(Study material)
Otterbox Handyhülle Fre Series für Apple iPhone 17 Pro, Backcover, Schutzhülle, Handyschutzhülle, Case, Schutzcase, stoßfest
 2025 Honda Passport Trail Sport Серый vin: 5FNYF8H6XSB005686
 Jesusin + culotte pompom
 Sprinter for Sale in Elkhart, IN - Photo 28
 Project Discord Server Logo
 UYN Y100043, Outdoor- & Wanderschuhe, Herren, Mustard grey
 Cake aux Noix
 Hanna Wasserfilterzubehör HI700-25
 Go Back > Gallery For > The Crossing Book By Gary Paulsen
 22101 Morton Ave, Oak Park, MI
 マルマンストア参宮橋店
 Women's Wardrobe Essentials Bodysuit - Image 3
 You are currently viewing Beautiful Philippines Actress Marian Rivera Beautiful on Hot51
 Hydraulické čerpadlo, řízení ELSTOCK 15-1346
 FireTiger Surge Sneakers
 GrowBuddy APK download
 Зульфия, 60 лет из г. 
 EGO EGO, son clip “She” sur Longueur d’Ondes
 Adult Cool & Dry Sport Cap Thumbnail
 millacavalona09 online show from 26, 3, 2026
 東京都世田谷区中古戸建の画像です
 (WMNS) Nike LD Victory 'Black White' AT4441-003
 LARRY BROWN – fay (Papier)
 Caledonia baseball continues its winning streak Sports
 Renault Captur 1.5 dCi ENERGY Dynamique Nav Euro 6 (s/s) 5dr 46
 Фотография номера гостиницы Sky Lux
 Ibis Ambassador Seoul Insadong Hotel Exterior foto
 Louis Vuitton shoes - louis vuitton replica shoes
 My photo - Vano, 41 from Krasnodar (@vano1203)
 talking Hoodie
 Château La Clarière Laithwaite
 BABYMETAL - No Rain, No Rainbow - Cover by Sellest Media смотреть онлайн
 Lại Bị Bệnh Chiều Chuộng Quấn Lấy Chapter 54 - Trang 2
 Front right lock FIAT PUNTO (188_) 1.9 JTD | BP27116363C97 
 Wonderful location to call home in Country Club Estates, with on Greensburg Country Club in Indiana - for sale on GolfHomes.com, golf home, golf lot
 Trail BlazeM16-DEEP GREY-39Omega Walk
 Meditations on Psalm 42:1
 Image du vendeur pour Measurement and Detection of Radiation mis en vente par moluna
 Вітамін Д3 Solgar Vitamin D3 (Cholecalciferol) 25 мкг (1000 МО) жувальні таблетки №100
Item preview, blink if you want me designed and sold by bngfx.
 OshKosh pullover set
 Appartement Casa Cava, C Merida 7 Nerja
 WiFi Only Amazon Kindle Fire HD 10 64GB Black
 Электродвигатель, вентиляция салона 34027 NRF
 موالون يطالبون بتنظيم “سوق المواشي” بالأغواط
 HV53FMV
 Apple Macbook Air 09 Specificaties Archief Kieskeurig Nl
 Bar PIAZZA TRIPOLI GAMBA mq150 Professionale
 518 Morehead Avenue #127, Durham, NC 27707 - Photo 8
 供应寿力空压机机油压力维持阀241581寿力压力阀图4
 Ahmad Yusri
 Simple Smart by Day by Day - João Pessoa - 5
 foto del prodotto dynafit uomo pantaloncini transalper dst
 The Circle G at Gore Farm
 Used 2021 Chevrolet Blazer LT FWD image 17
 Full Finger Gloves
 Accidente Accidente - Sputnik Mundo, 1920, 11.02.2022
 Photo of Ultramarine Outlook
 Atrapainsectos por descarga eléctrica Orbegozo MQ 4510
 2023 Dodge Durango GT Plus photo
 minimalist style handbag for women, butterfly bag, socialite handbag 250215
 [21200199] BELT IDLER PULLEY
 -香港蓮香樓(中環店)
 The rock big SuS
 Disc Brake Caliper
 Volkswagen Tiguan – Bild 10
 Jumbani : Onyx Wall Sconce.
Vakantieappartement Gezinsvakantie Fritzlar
(End Study material)
■ Goal of the exercise
Where a line of the data above includes "Black", copy that line.

■ Written solution
 (WMNS) Nike LD Victory 'Black White' AT4441-003
 WiFi Only Amazon Kindle Fire HD 10 64GB Black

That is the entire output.